Within each class, materials are also assigned a packing group based on how dangerous they are. Packing Group I means great danger, Group II means medium danger, and Group III means minor danger. These designations dictate how rugged the packaging needs to be.

Placards, Labels, and Identification

Those diamond-shaped signs you see on trucks and rail cars are called placards, and they’re required on each side and each end of the vehicle. Each placard must be at least 9.84 inches square, securely attached, clearly visible, and able to withstand 30 days of weather exposure. The color and symbol on the placard tell emergency responders exactly what type of hazard is inside.

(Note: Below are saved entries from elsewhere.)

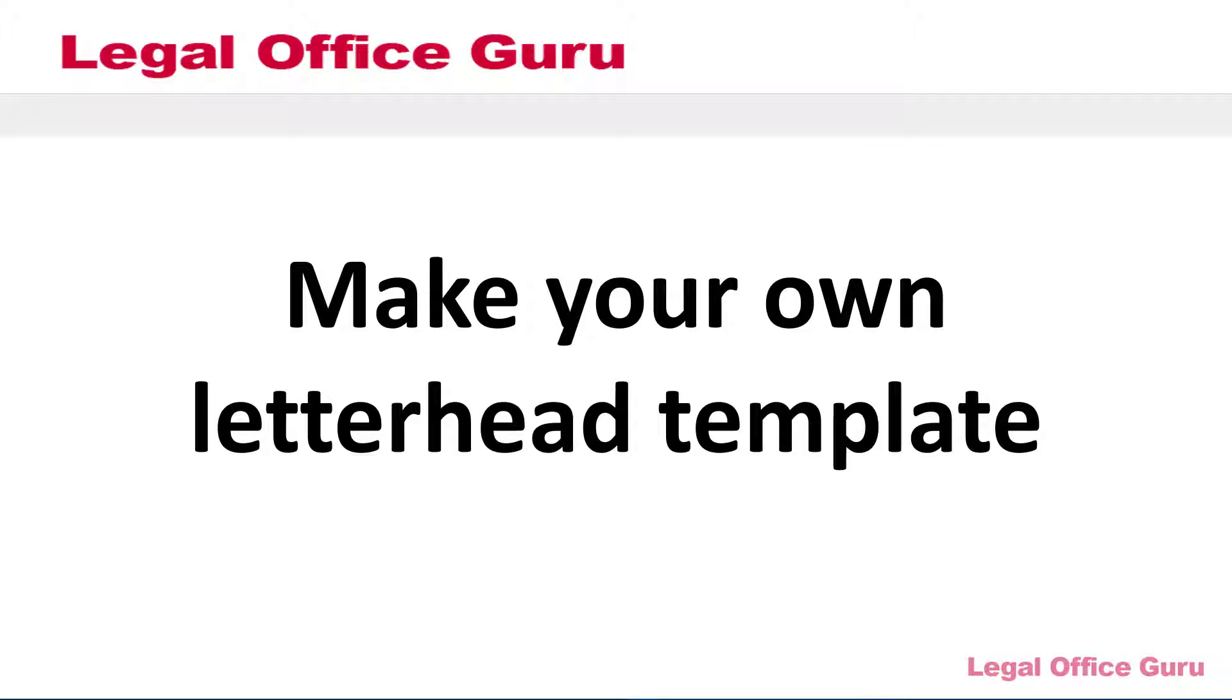If you're in a solo or small firm legal practice, you're likely pretty cost-conscious. And one of the things you're probably not keen to spend money on is custom printed letterhead. Plus, if a lot of your letters get sent as email attachments rather than by snail mail anyway, why waste paper printing and scanning a letter? Make your own letterhead template instead.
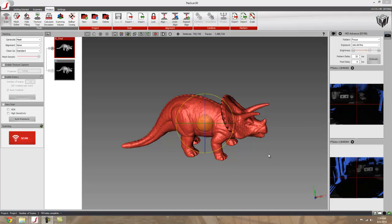Hi, my name is Mark Patterson and I'm with GoMeasure3D. Today I'm going to be talking about a new feature in FlexScan 3D version 3.3 called the hole filling function.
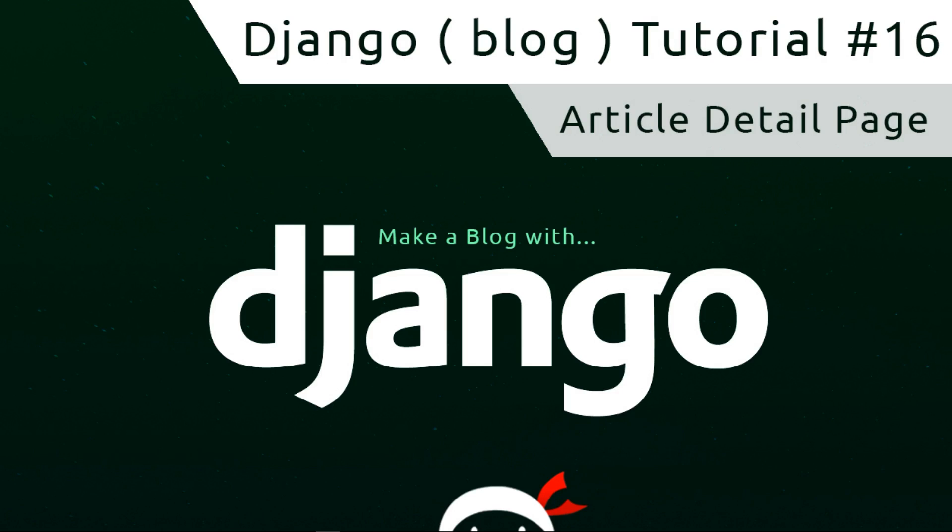Hey what's happening guys, welcome to your 16th Django tutorial. In this video, we're going to construct our article detail page.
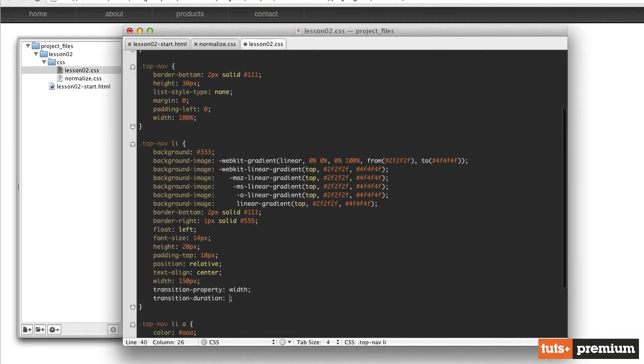And then if we wanted it to last one second, we would type 1s. S for second. Now I don't want this transition to last quite that long. I want it to be pretty quick. So I'm going to reduce it down to about 0.3 seconds. I want it to last just about one third of a second. So roughly 0.3 seconds will get us there. And that should work.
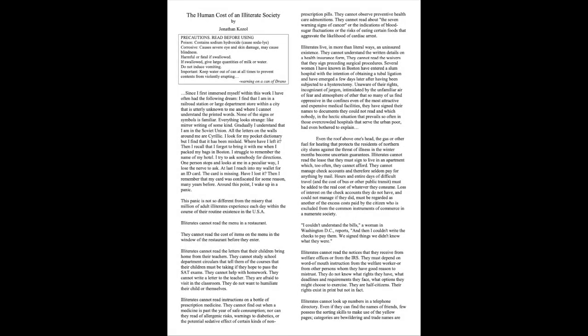The Human Cost of an Illiterate Society by Jonathan Kozol. Precautions. Read before using. Poison. Contains sodium hydroxide. Corrosive. Causes severe eye and skin damage. May cause blindness. Harmful or fatal if swallowed. If swallowed, give large quantities of milk or water. Do not induce vomiting. Important. Keep water out of can at all times to prevent contents from violently erupting. Warning on a can of Drano.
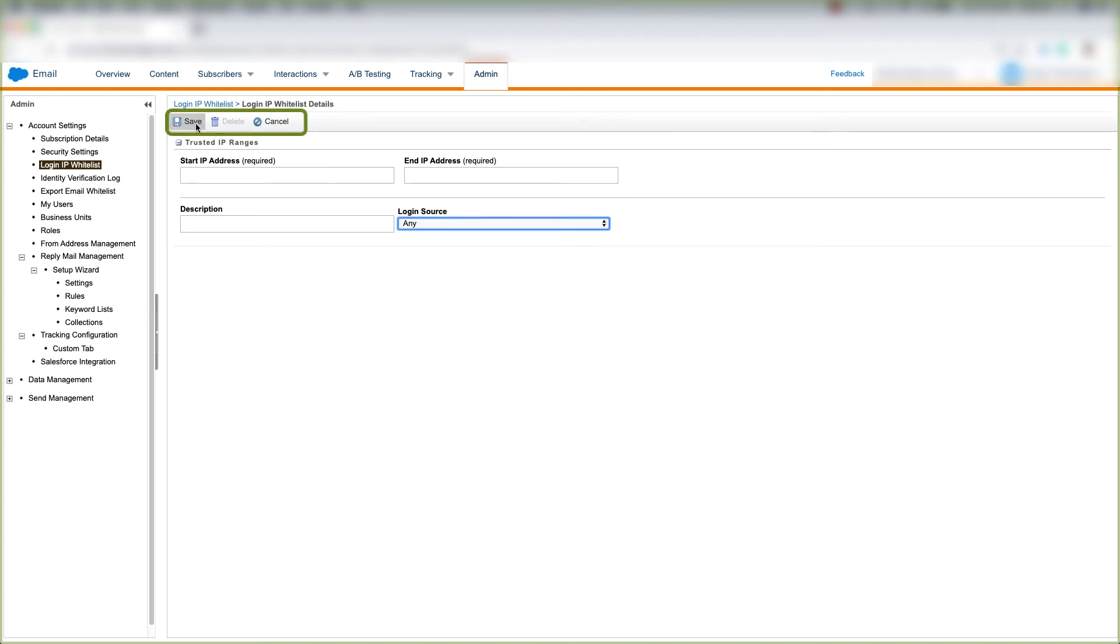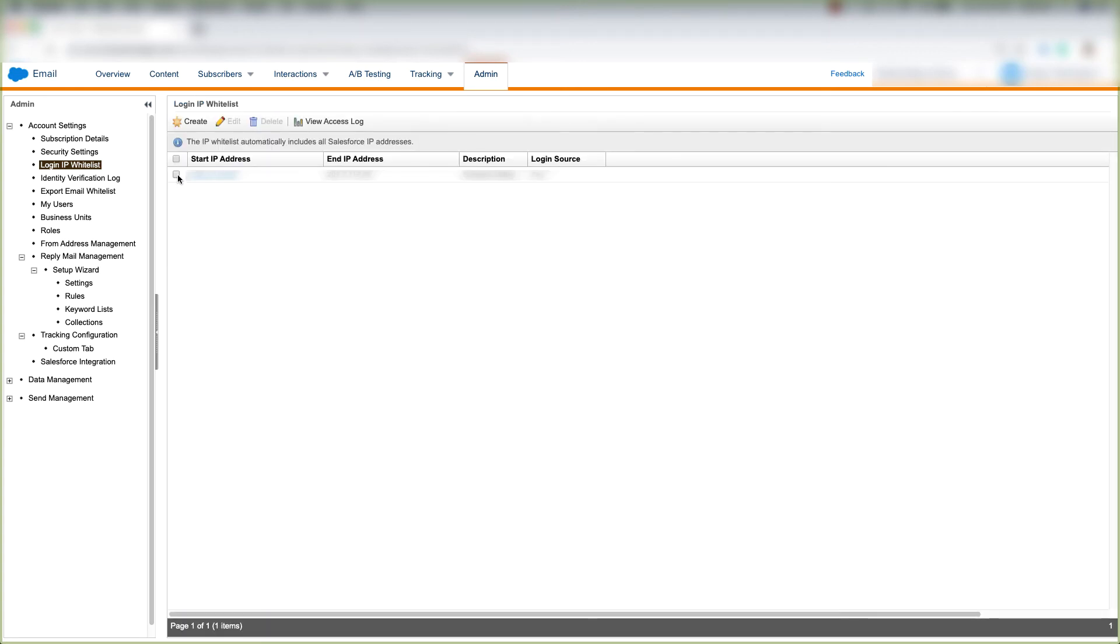And when you're done, click Save. And then whenever you have an IP address defined, you can click this little checkbox and click Edit up here if you want to edit that or delete here, or you can view your access log here.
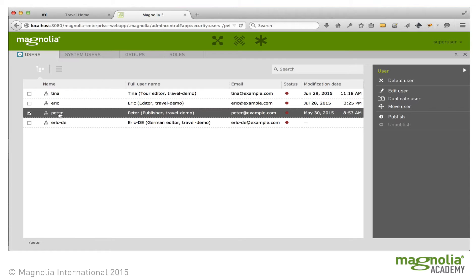Peter is the publisher, so he can also edit all the content. In the Community Edition, he can access the publish action, whereas Eric could not. And in the Enterprise Edition, he can also view the items submitted for publication in the Pulse, and approve or reject the items for publication.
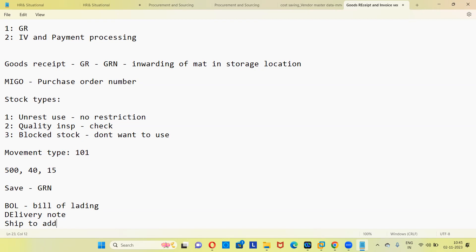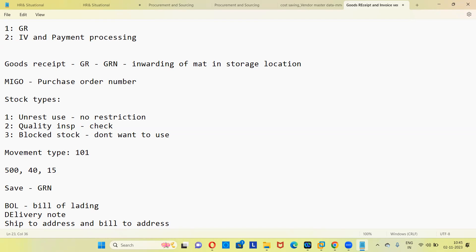You will also have a ship-to address and a bill-to address. Ship-to address is where the material needs to be delivered — for example, your home. Bill-to address is where the billing happens — also your home in most cases. Many times both addresses are the same, but sometimes they can differ — for example, when you want the material shipped to one location but billed from somewhere else.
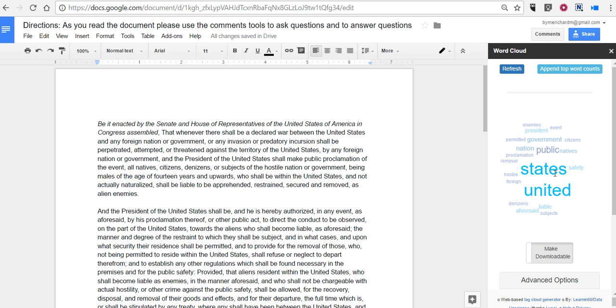So that's how you can quickly create a word cloud from any Google document inside of Google Documents. As always for more tips and tricks like this please check out FreeTechForTeachers.com and PracticalEdTech.com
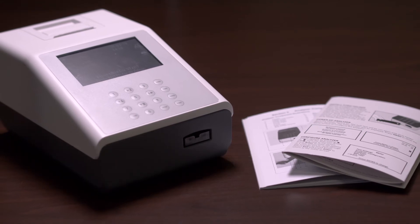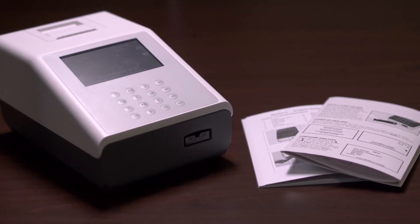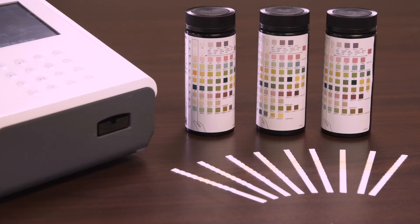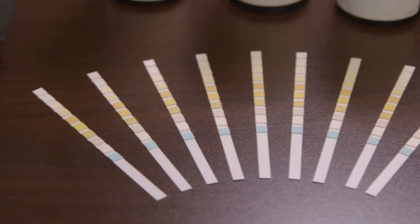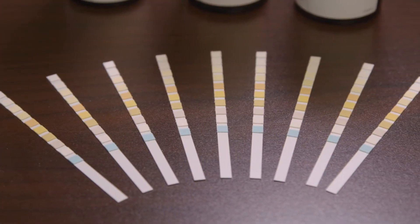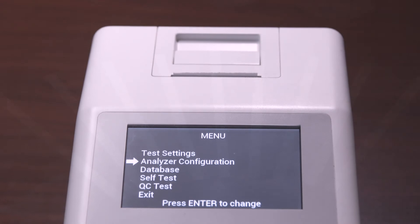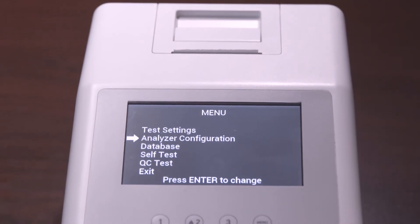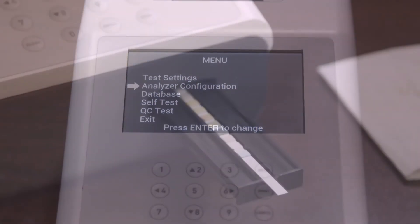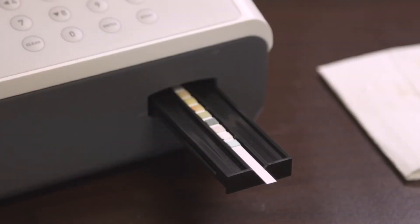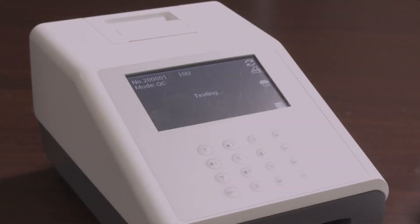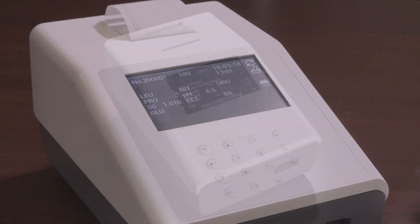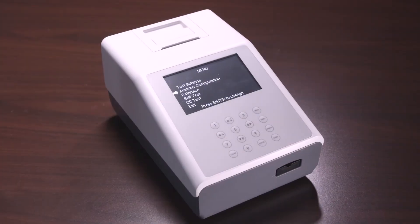The 120 urine analyzer is a manual reflectance photometer that analyzes the intensity and color of light reflected from the reagent areas of a urinalysis test strip. It is specifically designed for improved accuracy and efficiency. It can read up to 120 strips per hour. In this video, we will review the most commonly used features of the 120 urine analyzer.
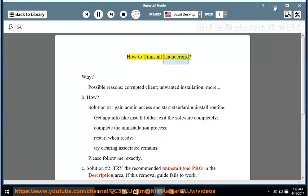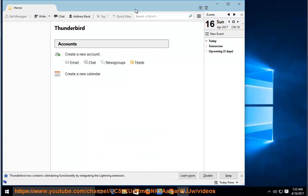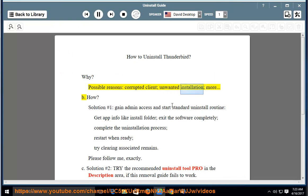How to uninstall Thunderbird? Why would you need to? Possible reasons include a corrupted client, an unwanted installation, and more.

Bulk shipments (containers holding more than 1,000 gallons) must also display a four-digit UN identification number on all four sides. This number lets first responders look up the specific material and its risks within seconds. Smaller bulk containers under 1,000 gallons need the ID number on two sides. For non-bulk packages, the ID number is required when 8,882 pounds or more of a single material is loaded at one facility.

Who Regulates Hazmat Transport

The Pipeline and Hazardous Materials Safety Administration, known as PHMSA, is the federal agency responsible for regulating the safe and secure movement of hazardous materials across all transportation modes, including pipelines. The primary regulations live in Title 49 of the Code of Federal Regulations, Parts 100 through 185, which cover everything from packaging and labeling to driver training and route selection.

These U.S. rules are closely aligned with the United Nations Model Regulations on the Transport of Dangerous Goods, which provide a standardized framework adopted by most countries worldwide. This alignment means a hazmat shipment crossing international borders doesn’t need to be reclassified, relabeled, or repackaged at each border crossing. The same UN identification numbers, hazard classes, and placarding conventions apply whether a shipment is moving through the U.S., Europe, or Asia, which keeps global trade moving efficiently while maintaining consistent safety standards.